Records supplied
=-=-=

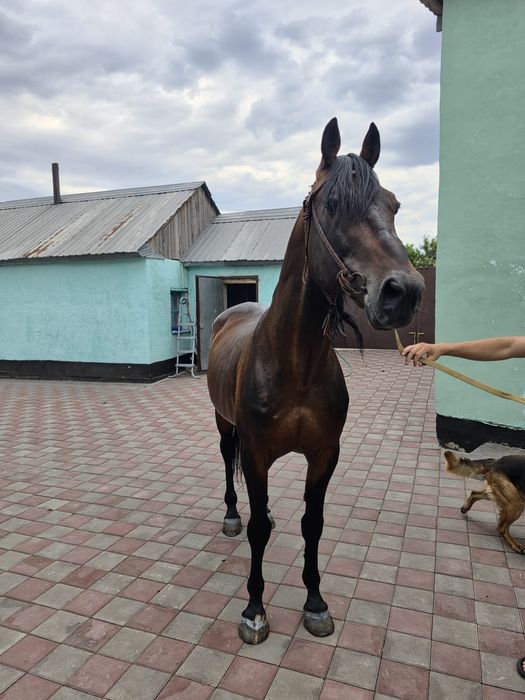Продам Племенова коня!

=-=-=

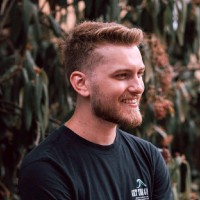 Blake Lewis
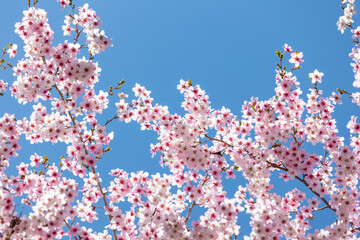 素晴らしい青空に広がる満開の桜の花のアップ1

=-=-=

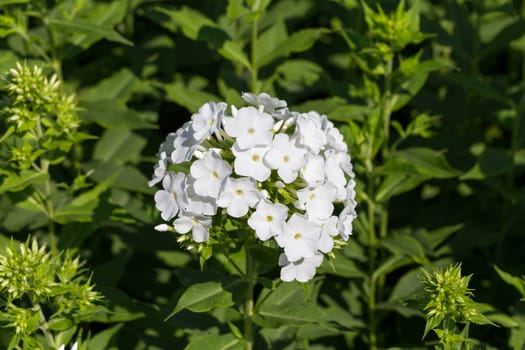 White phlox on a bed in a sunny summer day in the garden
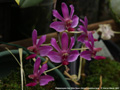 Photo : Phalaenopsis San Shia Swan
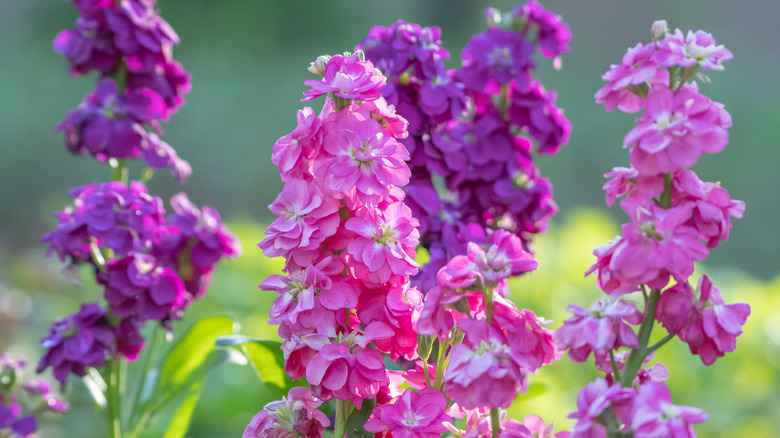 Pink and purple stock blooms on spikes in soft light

=-=-=

Task details
Given the listing above, repeat exactly the lines starting at the one with "Photo : Phalaenopsis San Shia Swan" and ending at the one with "Pink and purple", inclusive, excluding pictures.

Answer to this task
 Photo : Phalaenopsis San Shia Swan
 Pink and purple stock blooms on spikes in soft light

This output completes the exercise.